The United States Postal Service has seen a rash of “mailbox fishing,” the practice of thieves filching letters out of mailboxes, finding checks and then altering and cashing them.
“Where there’s a will, there’s a way, and crime won’t stop,” says U.S. Postal Inspector Glen McKechnie. “They all use the darkness. They’ll go at night when the streets are empty and there is nobody out, and that’s when we find that they are conducting their fishing expeditions.”
One New Yorker confronted a man who was allegedly mail fishing by apparently slipping his belt coated with sticky stuff through the narrow mailbox slot. As she videoed him with her phone and yelling at him to stop what he was doing, the man continued and responded that he didn’t care that he was on camera before driving off on a moped.
The New York City Police Department has plastered signs on some blue postal boxes warning people about mailbox fishing.

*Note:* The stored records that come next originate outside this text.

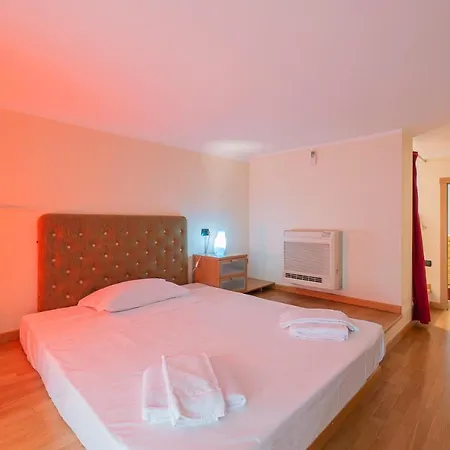 Apartment Incantevole Soppalcato - Pt. Romana Milan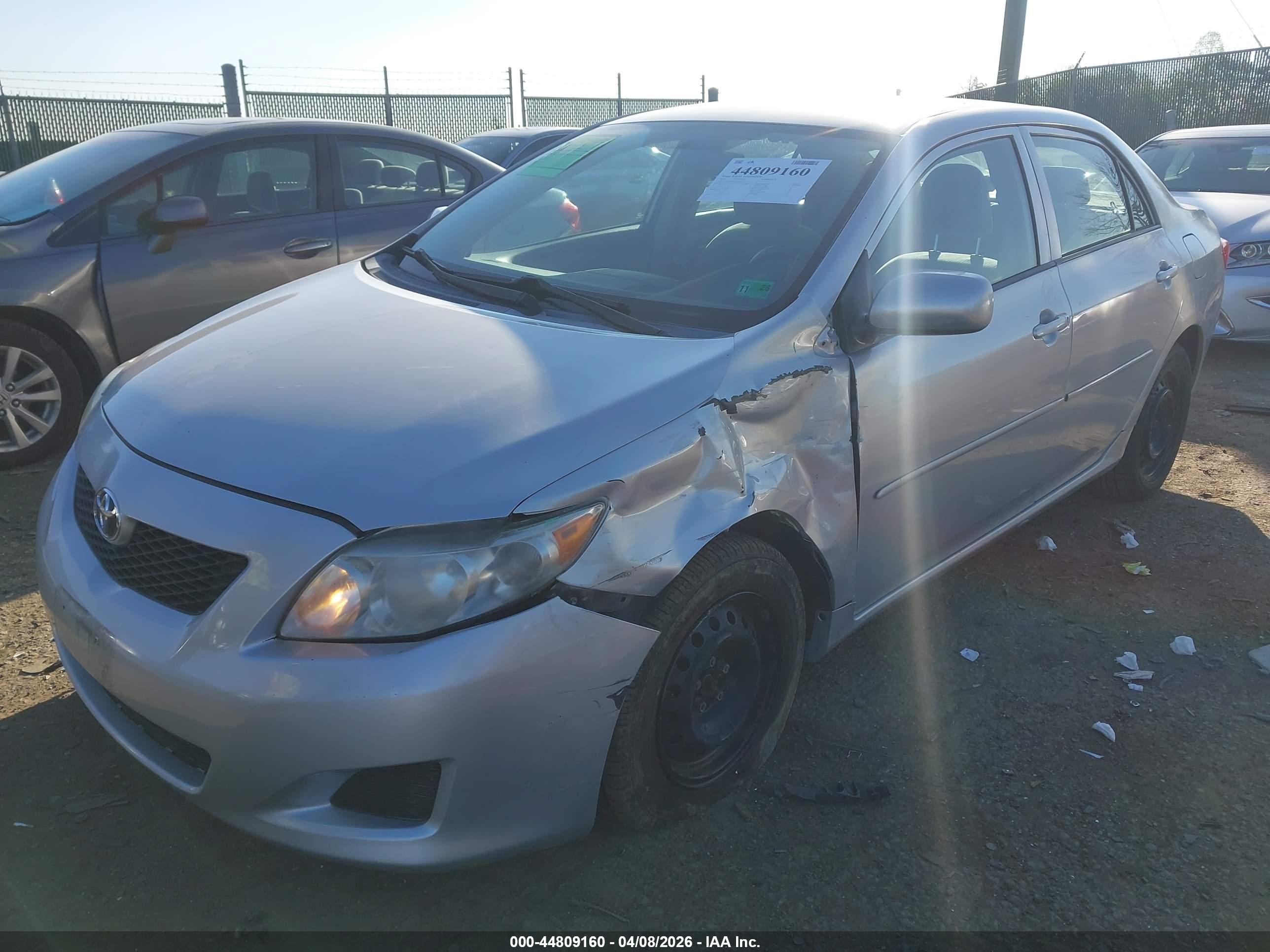 TOYOTA COROLLA image 2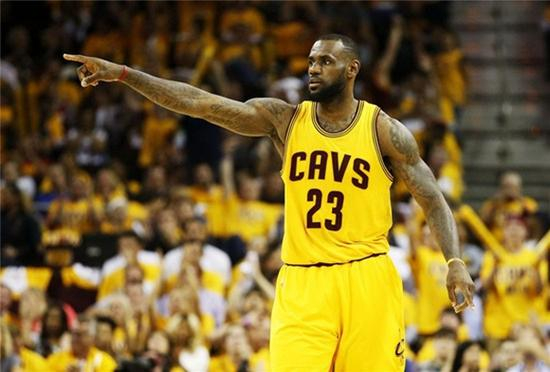 詹姆斯的巨星光环让老鹰毫无办法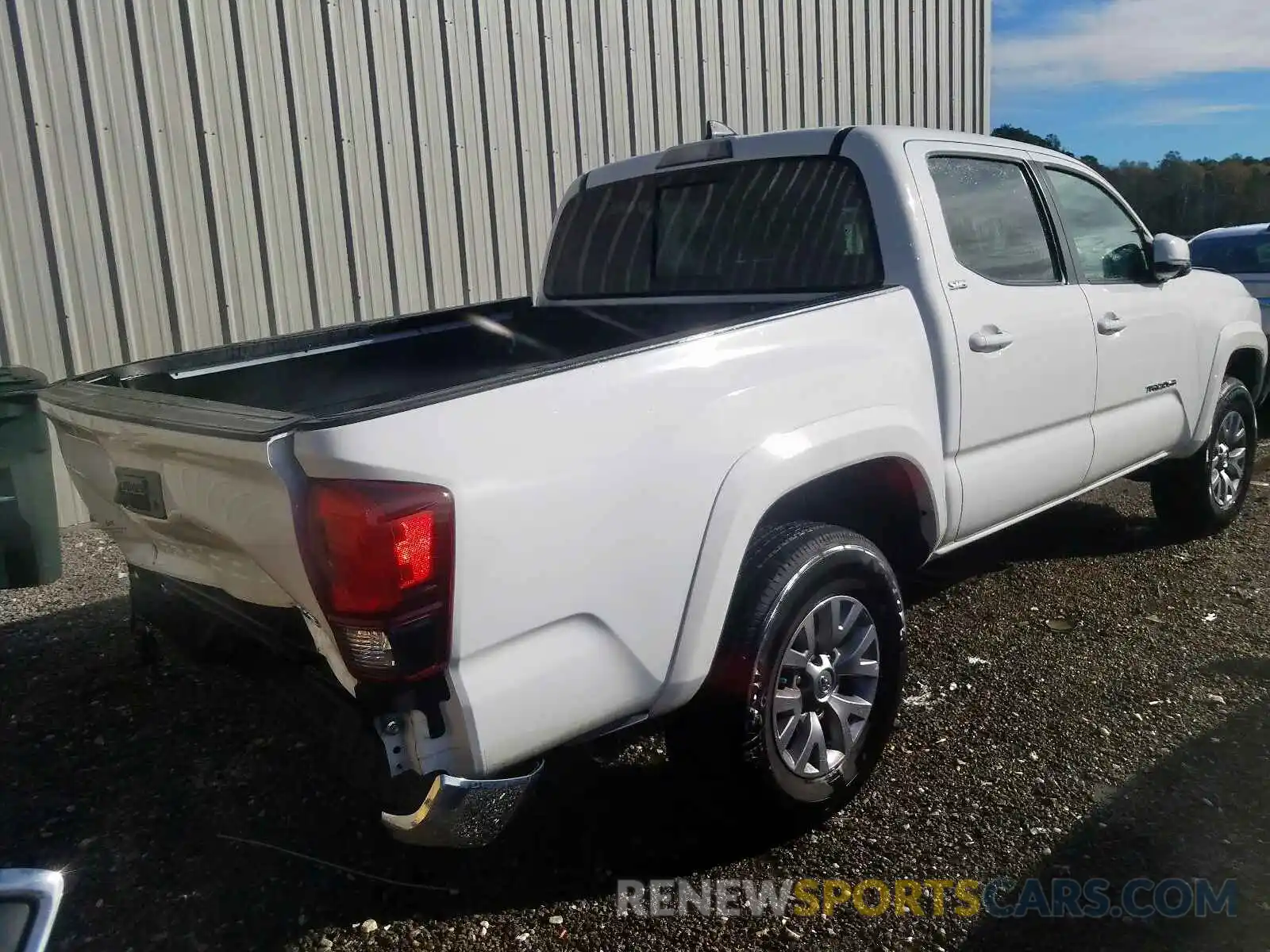 4 Photograph of a damaged car 3TMAZ5CN7KM099933 TOYOTA TACOMA 2019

“Sending a check or money in the mail? Beware of Mailbox Fishing!” says the signs, explaining that people should “drop mail that contain checks directly at the post office.”

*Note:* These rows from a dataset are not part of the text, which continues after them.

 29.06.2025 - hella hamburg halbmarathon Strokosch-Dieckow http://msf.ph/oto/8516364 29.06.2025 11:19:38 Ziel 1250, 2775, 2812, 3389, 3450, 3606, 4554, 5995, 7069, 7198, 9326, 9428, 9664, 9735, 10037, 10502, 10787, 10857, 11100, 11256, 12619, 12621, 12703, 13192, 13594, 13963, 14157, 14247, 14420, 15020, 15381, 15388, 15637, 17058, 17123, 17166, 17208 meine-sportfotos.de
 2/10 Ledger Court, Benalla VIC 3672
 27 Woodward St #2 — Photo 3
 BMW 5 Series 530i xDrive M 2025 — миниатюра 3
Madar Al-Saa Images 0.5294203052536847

Earlier this year, a ring believed responsible for stealing more than $100,000 worth of checks was busted; another suspect in September was caught with $84,000 worth of checks. The campaign of New Hampshire U.S. Sen. Jeanne Shaheen had two checks worth $21,583 fished out of a mailbox; and in August, Mattapoisett, Massachusetts, police arrested two teens for allegedly stealing and altering checks worth $250,000 from mailboxes.
Isabel Vincent said two checks she once mailed were fished out of a box, altered and cashed for more than $1,500.
“Are we going to see a world where mailboxes are gone? I mean, that would be very sad,” she says.
Vincent’s checks were doctored, with someone washing out the payee and writing another name then cashing the checks. Even though her bank eventually reimbursed her for the loss, she says that she now takes care to only mail checks at the post office or pay electronically.
“Don’t pop a check in the box. Go personally to a post office,” she advises. “It’s a bit of extra time, and you don’t have the convenience of doing it in front of where you work, which is where I used to do it, but at least you know you have a modicum of trust that your check will make it to its destination.”
McKechnie advises people to post their mail near the box pickup time so that letters don’t sit in a box overnight when most of the fishing occurs.
‘Every blue collection box on the street corner has a time on it when the box is swept. We’re asking customers to put the mail in the box before the collection time. If the mail sits in that box overnight, it could be stolen.”
The Postal Service inspectors are cracking down on the practice and have taken steps to make mailbox fishing more difficult. Thousands of boxes have been retrofitted to remove the old swinging door to narrow the mail slot. While that has caused a decrease in thefts, they still continue. McKechnie says if you think that you have been a victim, police should be contacted.
“We work with the precincts to gather that information,” he says. “We’re the Postal Inspection Service. We have to instill trust in the mail. Those boxes are safe, and we want to get the message out to mail before that last collection time.”
The fishing has expanded to armed robbery. Last month, a Chicago mail carrier was robbed at gunpoint for his mail box key, giving thieves access to the boxes that hold bulk mail. In Santa Monica, California, thieves bashed in mail boxes to steal their contents.
“When you mail a check, look at your statements. Make sure that the check was deposited or the right person deposited the check,” said McKechnie, who added that people who are victimized should report any thefts to the police and to the Postal Inspection Service.